Forests are very important for the welfare of the indigenous people and for the world. We want to show concretely, practically that you can have quality of life and economic development, with an intact forest.

Chief Almir of the Surui tribe of the Amazon, through an interpreter, commenting in the San Francisco Gate about an initiative under way to digitally document their cultural connection to the rainforest in which they live, and in documenting it, preserve it.

The tribe is "using tools like Google Earth, Google Maps, Blogger and YouTube. [Google Earth is] in the process of providing mobile phones with Google's Android operating system that include new software to automatically tag photographs with locational information and upload to Google Earth."

Chief Almir has a $100,000 bounty on his head, and 11 chiefs of neighboring tribes have been shot and killed during the last decade by, it is believed, loggers and miners who would much rather have easy access to the "extractable parts" of the rainforest in which he lives.

The power of this project, fueled through a partnership with Google Earth Outreach, is how technology has given the Surui people the opportunity to tell their story through a medium that is indigenous and accessible to the western world.

It catapults their story -- which from a distance seems quaint and of another era -- into this time; into our time; and anchors it squarely in a true and actual place that we can see, that we can find, that we can now more clearly imagine as real.

Through Google Earth we witness the devastation that they are suffering on the ground. Through Google Earth we hear their stories, we learn what matters to them, we make contact.

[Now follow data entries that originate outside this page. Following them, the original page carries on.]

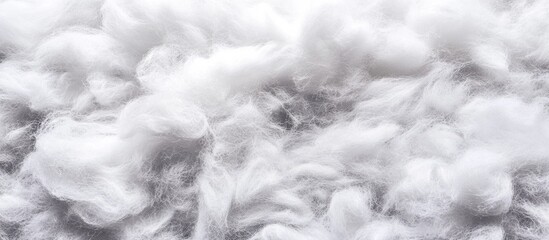Poster - Soft white cotton fibers against a plastic background creating an abstract texture with ample empty space for text or design elements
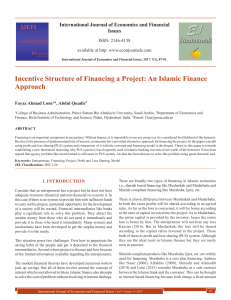 Incentive Structure of Financing a Project: An Islamic Finance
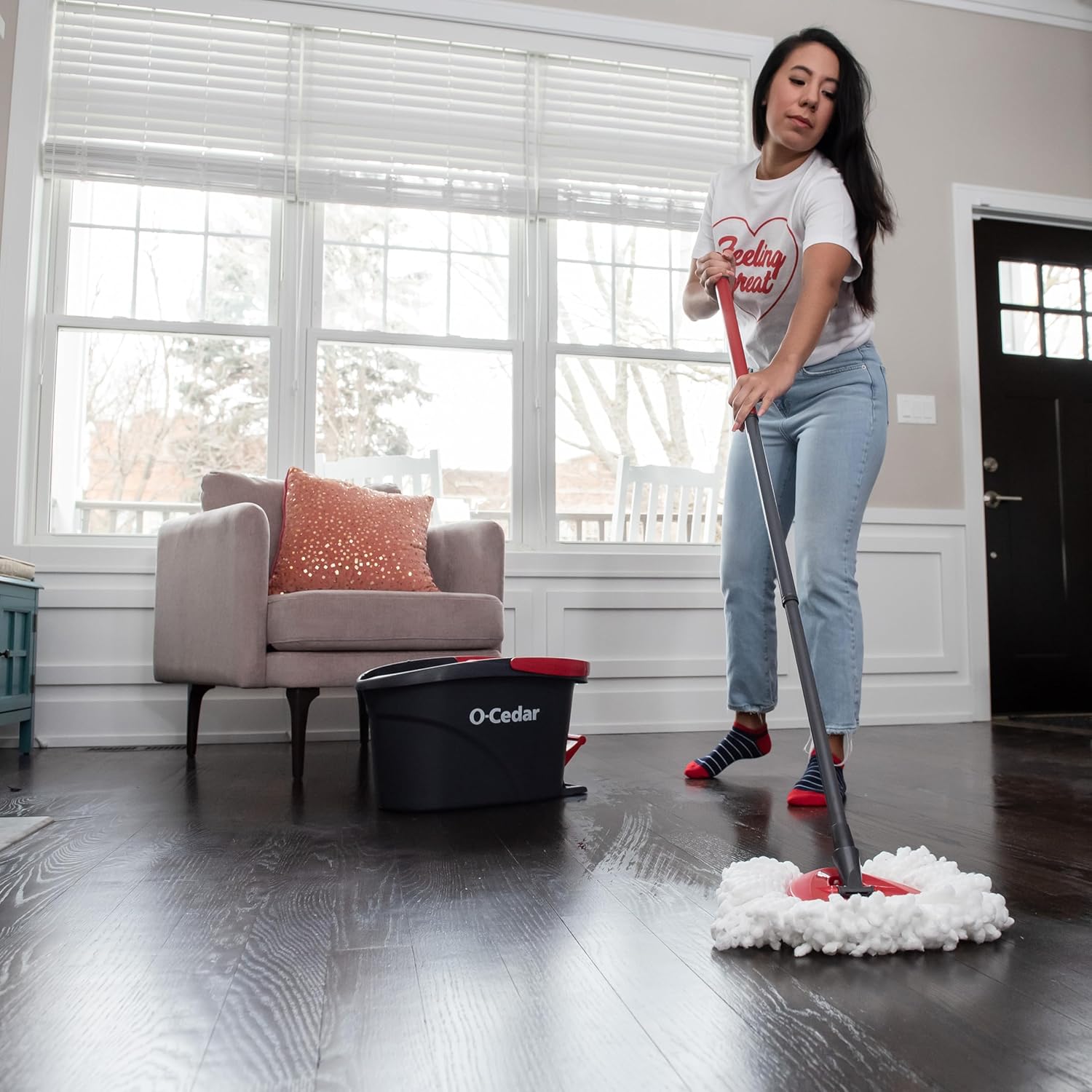 O-Cedar EasyWring Spin Mop & Bucket System +2 Power Refills with Citrus Cleaning PACS (Variety Pack)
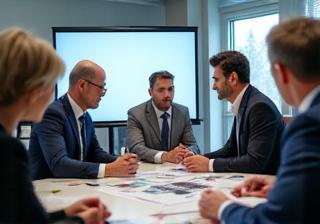 People in a meeting discussing production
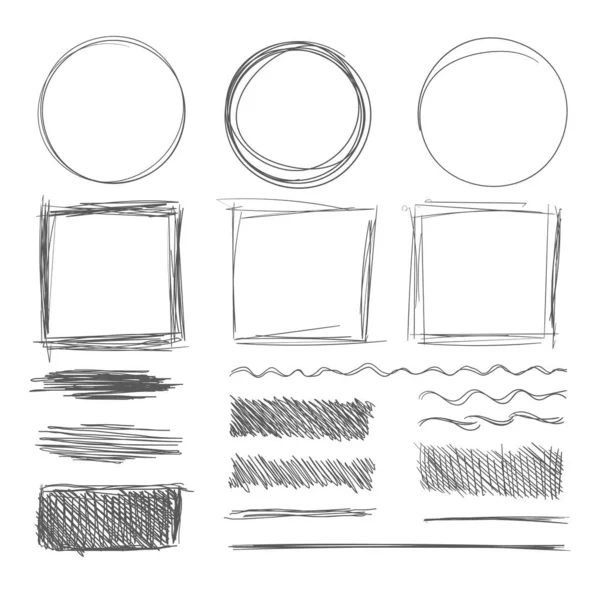 El çizimi karalama çizgileri ve geometrik şekiller beyaz arkaplanda izole edilmiş, karalama biçimi çizilmiş tasarım elemanları, gölgeli ve yumurtadan çıkmış çerçeveler, vektör.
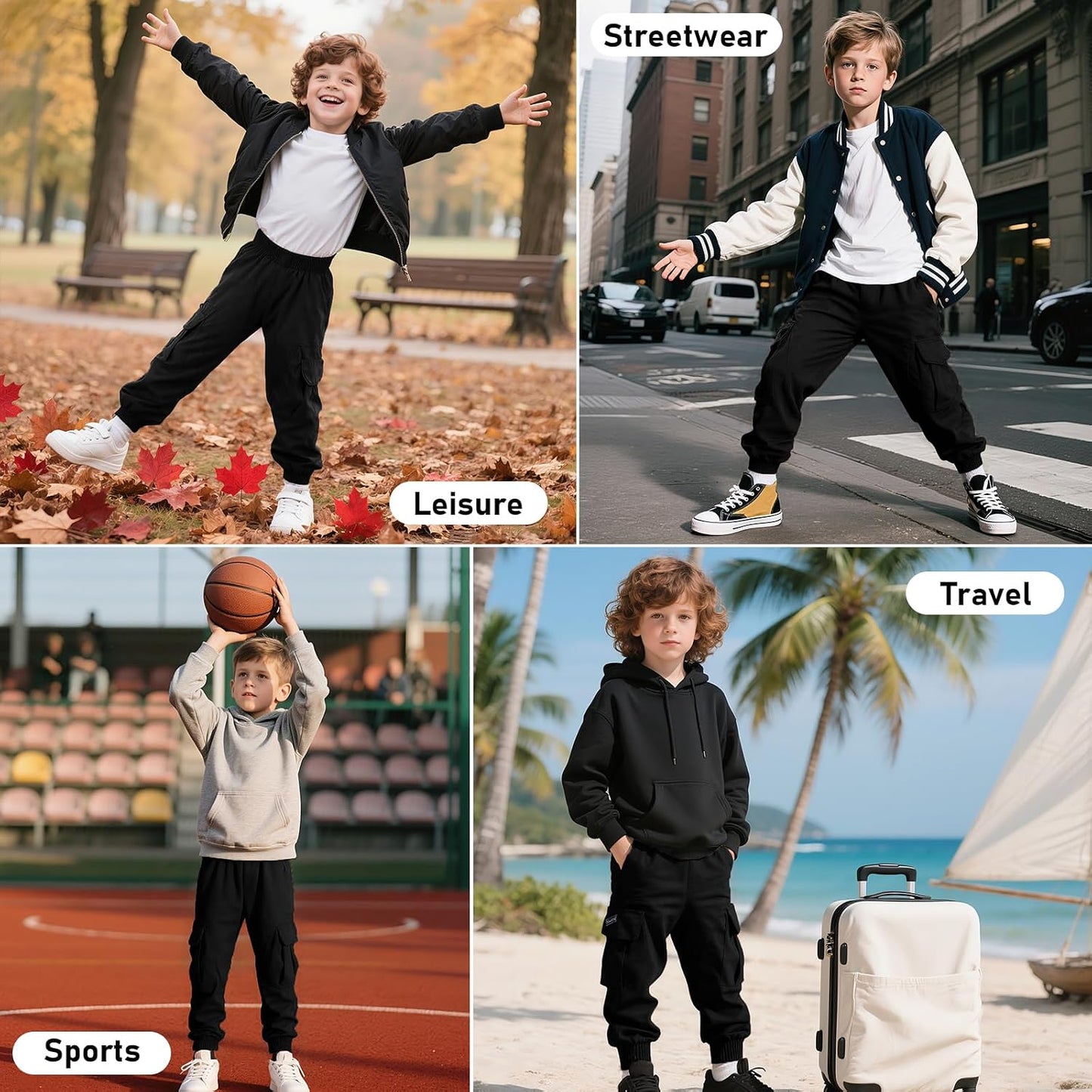 Cargohose Jungen Elastische Taille Kinder Jogginghose für 6-13 Jahre | Weich Atmungsaktiv Cargo Jogger Hose, Taschen, Frühling Herbst Sporthose Freizeithose, Outdoor Streetwear, Gr.116-158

To my mind this mode of storytelling makes the need for compassion and assistance immediate and pressing.

It is all the more remarkable because it subverts our traditional colonial methods in which the white man visits indigenous tribes and acts as translator of their stories.

In this case, the people tell their own stories to an audience who can hear and understand.

There is no more powerful act than that: a simple story, well told, and received by hearing ears.

Inside me I realized the need to use internet technology as a tool to make my people's situation known.

-- Chief Almir


Leslie F. Miller said...

It all just breaks my heart.

I, Rodius said...

Sometimes I think it's all going to be OK, and sometimes I think we won't make it past my lifetime.

anne said...

holy cow.... what a visionary the cheif is, for his people and for his culture!